Why have a formal “prototype”?
Many of the capabilities of Project 2002 will be completely new to an organization. For example, during the requirements gathering process, stakeholders in particular may not be aware a certain reporting capability exists. Thus, they won’t give that type of input. The prototype gives the implementation team a means to show the stakeholders the capabilities of the system, and draw out some ideas. It also allows the stakeholders to actually see what they will get from the implementation, and to make adjustments.
If we implement the system following the EIF, are we “locked in” to using it in a particular way forever?
One of the main values of the EIF is that it formally documents the requirements and the design of the system for a particular organization. But the completed EIF documents are meant to be “living” documents. They should be updated as the organization changes or grows in their project management sophistication. Phase 6 of the EIF schedule is "Assess and Refine." We assume that the way the organization uses the system will change over time. We recommend that the EIF process be followed to address these changes.
The partner we chose to help us with Project 2002 implementation does not use the EIF. Shouldn’t all Project Partners follow the EIF?
The EIF represents a basic approach to system implementation. Many Project Partners have their own implementation methodologies, some of which have significantly more detail steps. The major Project Partners were involved in the review of the EIF before it was published, and in general, their implementation approaches are consistent with that in the EIF. Some partners will use the EIF directly. Others prefer their own methodology. Our purpose in publishing the EIF was to provide a basic implementation guide.
The EIF doesn’t contain much technical guidance. Why?
The EIF isn’t a technical framework; it is a business-oriented framework. Its purpose is to help an organization apply the system to meet their business needs. The EIF isn’t meant to replace the installation instructions or the Help systems that show how to use the system.
There are an incredible number of questions on the EIF interview worksheet. Do we have to use all of them?
As with the EIF template schedule, the implementation team should review the interview questions before conducting the interviews. They may choose to delete some, and possibly add others. In general, we think the team should be cautious about deleting many questions. While some may not seem appropriate to a particular organization, asking them may draw out requirements that were not anticipated by the team.
Is the Pilot phase necessary?
The Pilot phase is critical. Nothing shakes out possible “down the road” system use problems like real system use. The Pilot phase is not a system “demo.” That’s why we recommend conducting the Pilot through several actual reporting cycles.

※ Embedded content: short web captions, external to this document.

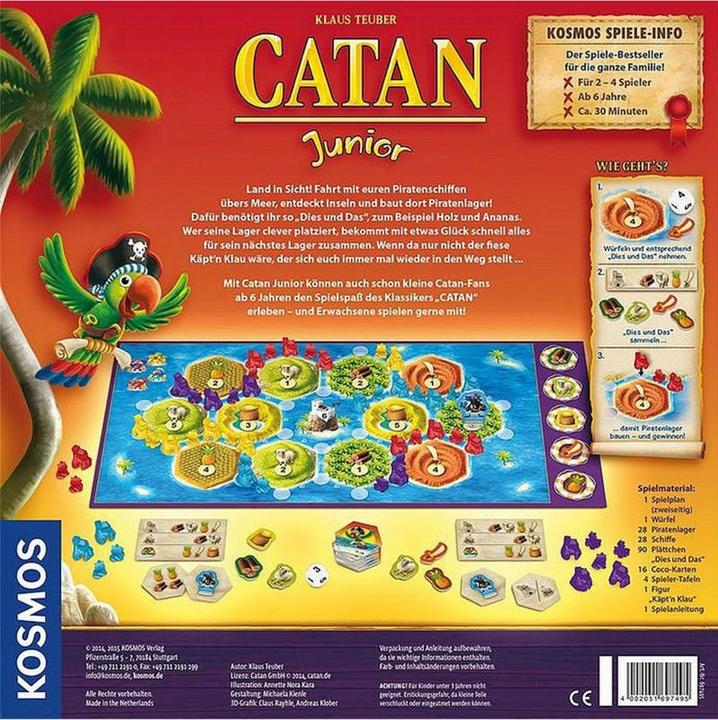 Actual product image Kosmos Catan Junior (German)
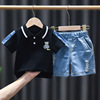 The new boy POLO Short sleeved Kids Set 0-3 Boy A summer Short sleeved Source of goods Cross border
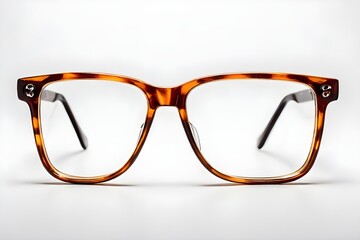eyeglasses on white background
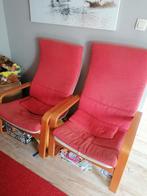 2 rode zetels, Ophalen, Gebruikt, Hout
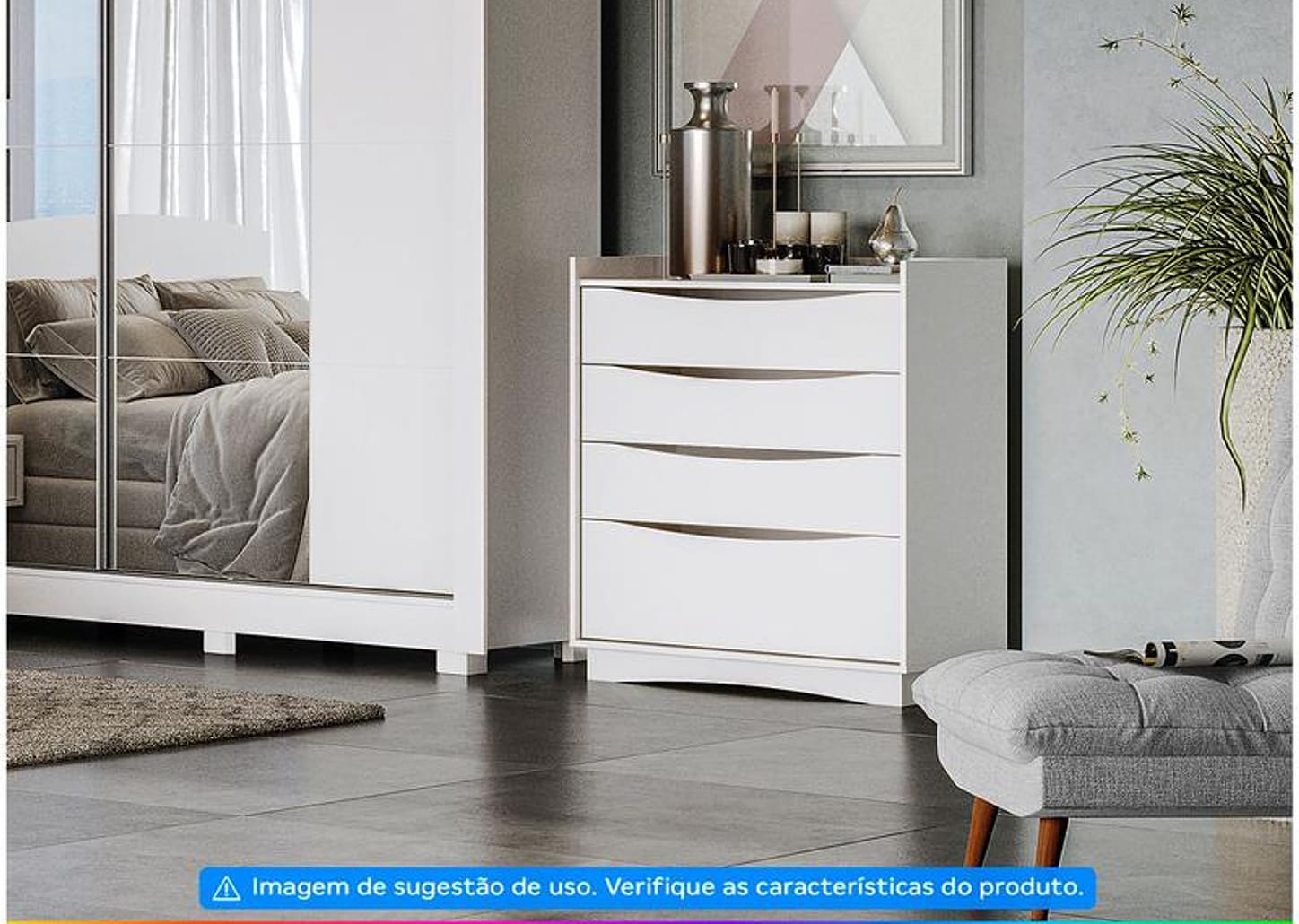 Cômoda 4 Gavetas Kappesberg Kansas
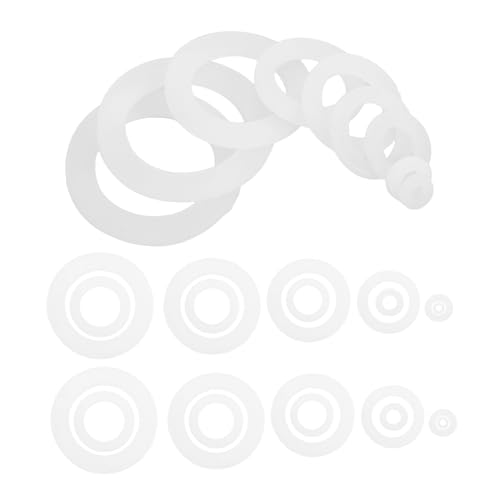 OSOLADY 100 Stück Silikondichtdichtung Hardware-dichtung Silikondichtung Siegelring Wasserstopp-schraubendichtung Dichtungsring Für Kaffeemaschine Dichtungsring Aus Gummi Weiß Kieselgel OSOLADY 100 Stück Silikondichtdichtung Hardware-dichtung Silikondichtung Siegelring Wasserstopp-schraubendichtung Dichtungsring Für Kaffeemaschine Dichtungsring Aus Gummi Weiß Kieselgel von OSOLADY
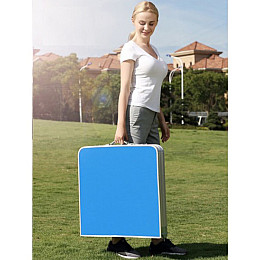 Розкладний туристичний стіл для пікніка зі стільцями набір туристичний у валізі складаний стіл та 4 стільці Easy Campi Синій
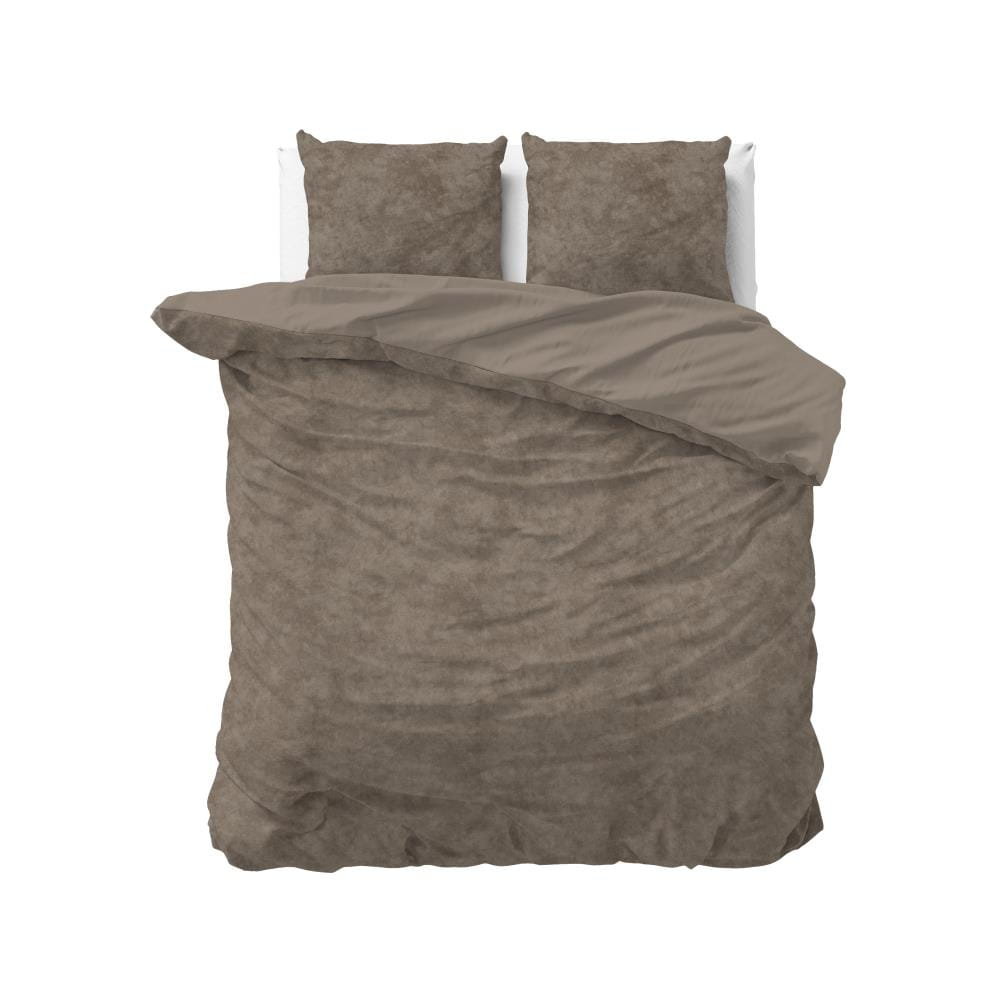 240x220 VELVET UNI brąz kpl pościeli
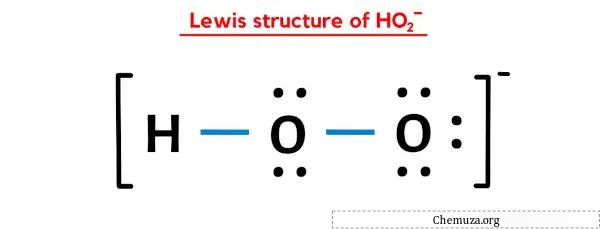 Struttura di Lewis di HO2-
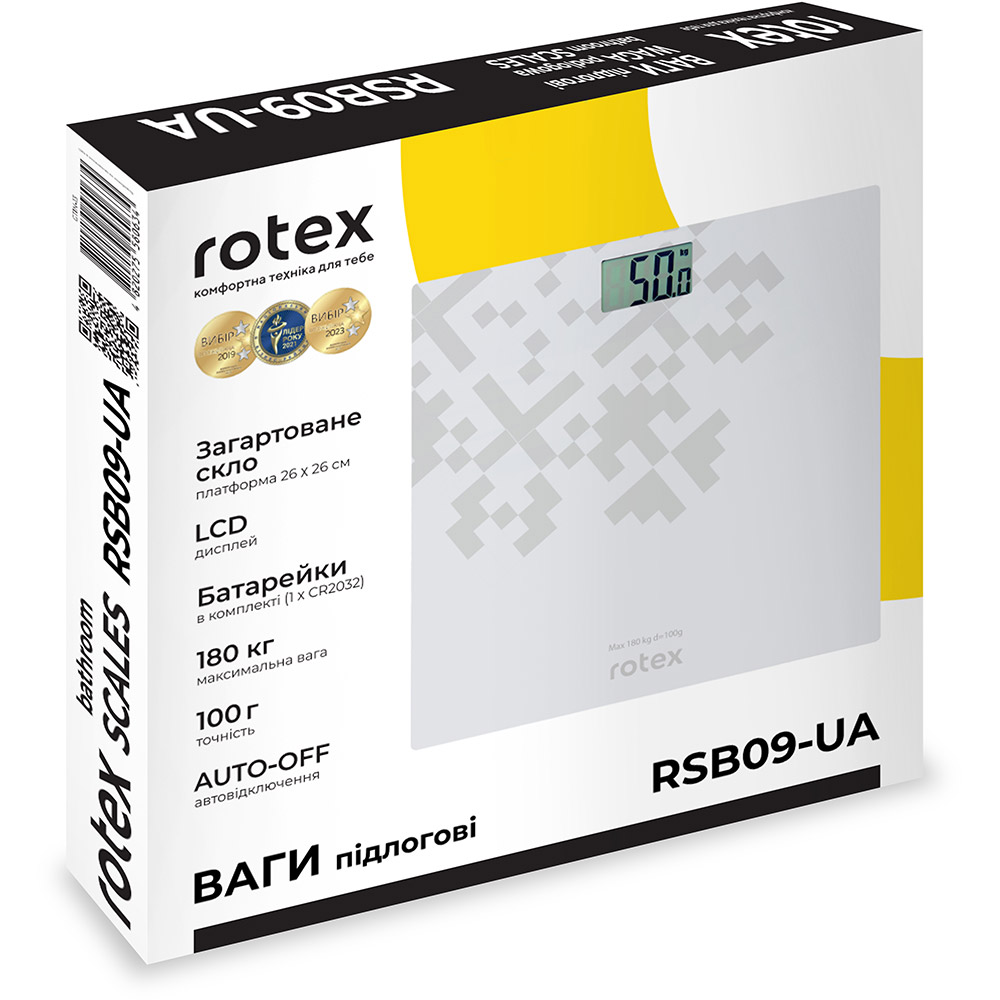 Ваги для підлоги ROTEX RSB09-UA Колір сірий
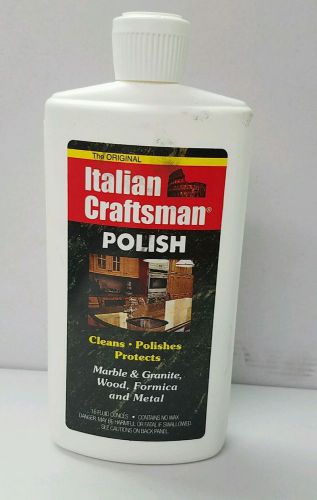 NEW Granite and Marble Polish  Cleans and Protects  Italian Craftsman 16 oz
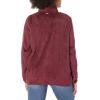 Volcom Women’s Pheelin Phuzzy Sherpa Crew Zip Fleece Sweatshirt(Burgundy)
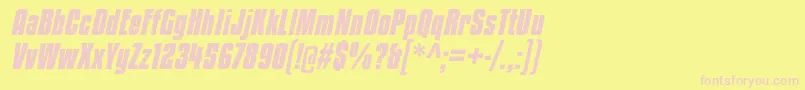 KenyanCoffeeBdIt Font – Pink Fonts on Yellow Background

There seems to be a lot of emphasis in the EIF about the use of templates. Why?
Project templates are one of the most powerful features of Project 2002 and Project Server 2002. Unfortunately, they are also one of the least used, and therefore we decided to strongly emphasize them in the EIF. Proper use of templates makes everyday system use so much easier—for project managers in particular. Who wants to create a project from scratch every time, when they could start with a basic plan that has 90% of the work done?